**Data provided**
=== Section Start ===

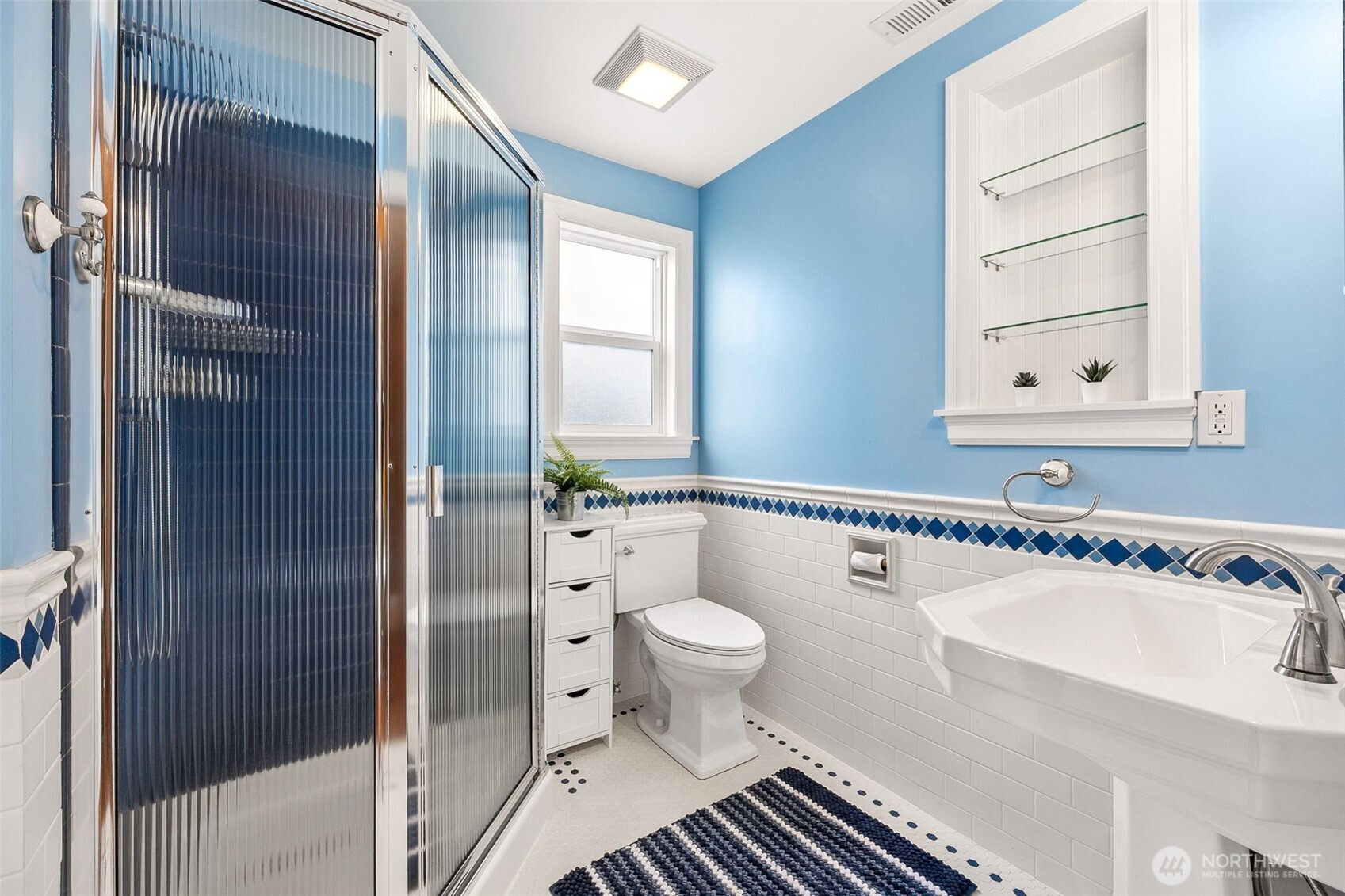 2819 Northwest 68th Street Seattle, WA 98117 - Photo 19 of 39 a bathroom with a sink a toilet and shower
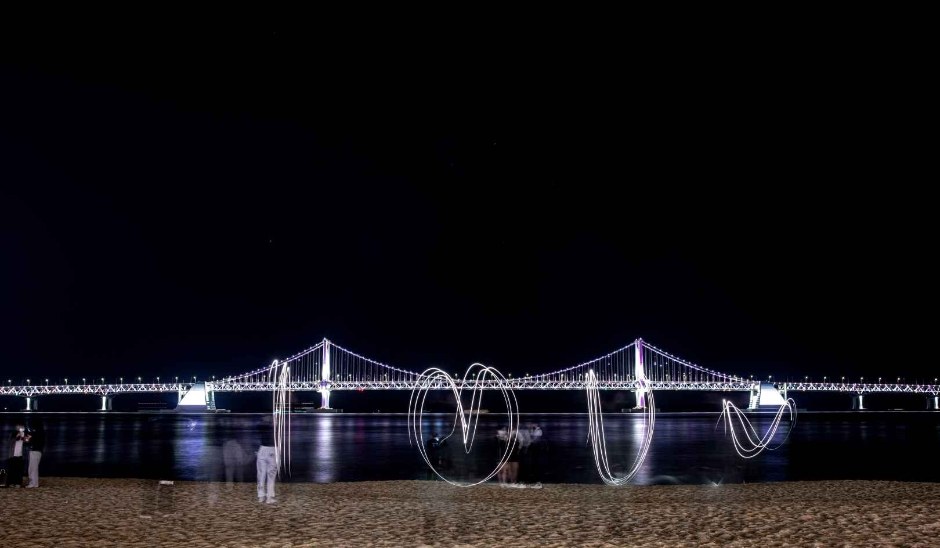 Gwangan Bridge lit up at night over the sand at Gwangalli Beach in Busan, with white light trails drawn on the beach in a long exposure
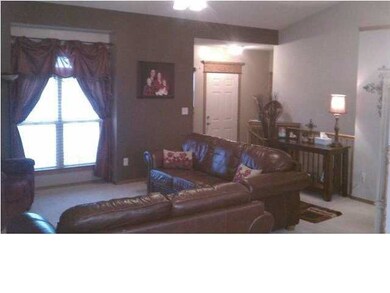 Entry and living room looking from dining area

=== Section End ===

**What to do**
Leaving the pictures out, print every line of the listing exactly.

**Answer to this task**
 2819 Northwest 68th Street Seattle, WA 98117 - Photo 19 of 39 a bathroom with a sink a toilet and shower
 Gwangan Bridge lit up at night over the sand at Gwangalli Beach in Busan, with white light trails drawn on the beach in a long exposure
 Entry and living room looking from dining area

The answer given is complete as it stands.